◆ Problem details: Within the listing below, the lines to output run from the one containing "Mercedes 0001587803 Ignition" through the one containing "Tas Ransel PL"; copy them exactly and nothing else.

(Beginning of Source material)

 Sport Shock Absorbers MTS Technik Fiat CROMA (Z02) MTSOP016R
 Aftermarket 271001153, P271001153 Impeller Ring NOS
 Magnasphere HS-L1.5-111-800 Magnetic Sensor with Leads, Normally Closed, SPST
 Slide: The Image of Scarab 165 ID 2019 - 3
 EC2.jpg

(End of Source material)
(Beginning of Source material)

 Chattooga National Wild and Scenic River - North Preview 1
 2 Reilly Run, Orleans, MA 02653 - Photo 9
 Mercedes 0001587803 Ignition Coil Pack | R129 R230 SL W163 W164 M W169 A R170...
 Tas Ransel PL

(End of Source material)
(Beginning of Source material)

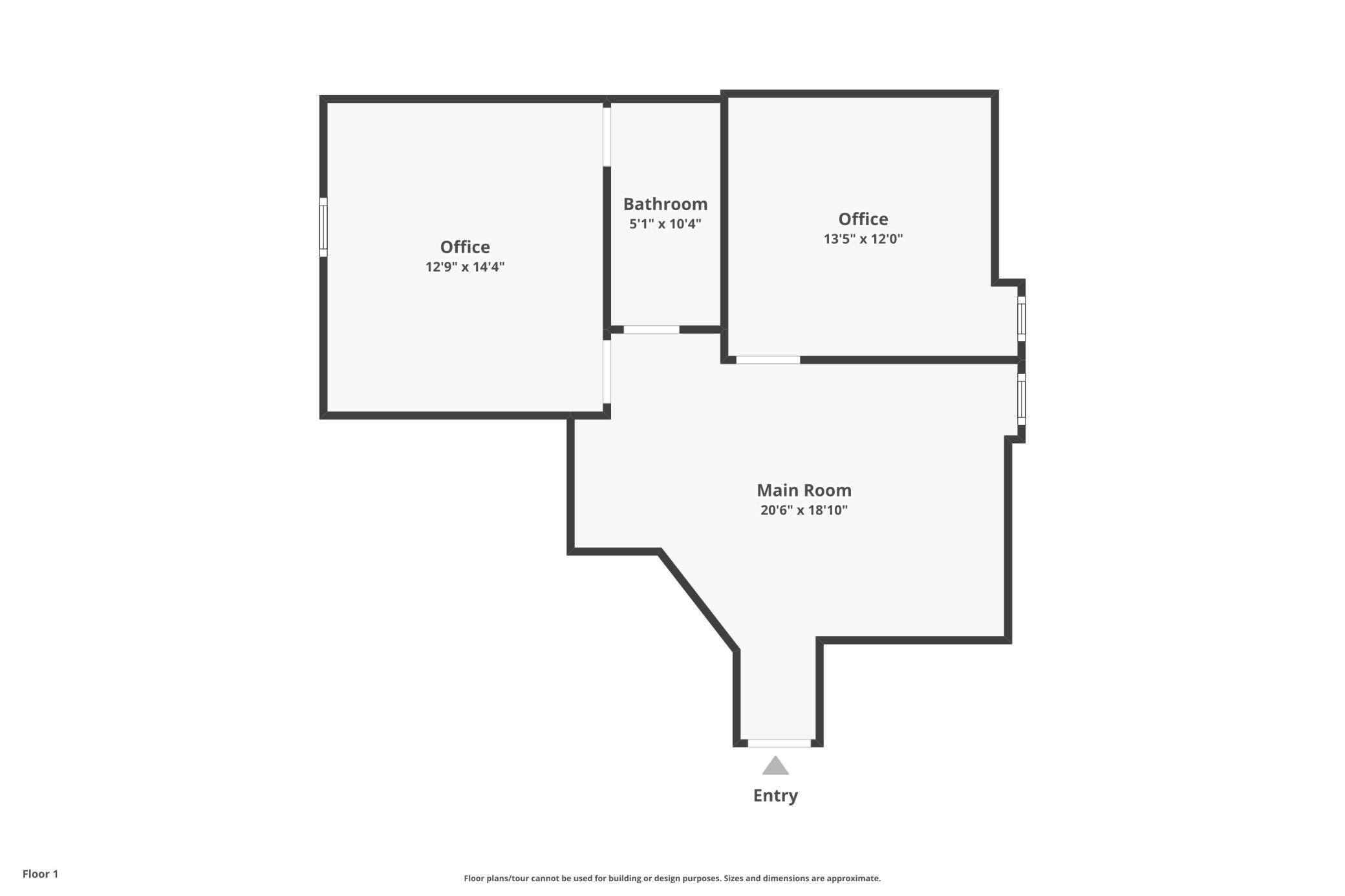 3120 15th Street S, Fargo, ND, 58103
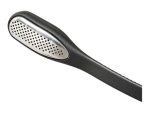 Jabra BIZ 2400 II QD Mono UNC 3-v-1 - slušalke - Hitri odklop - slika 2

(End of Source material)

◆ Expected answer:
 Mercedes 0001587803 Ignition Coil Pack | R129 R230 SL W163 W164 M W169 A R170...
 Tas Ransel PL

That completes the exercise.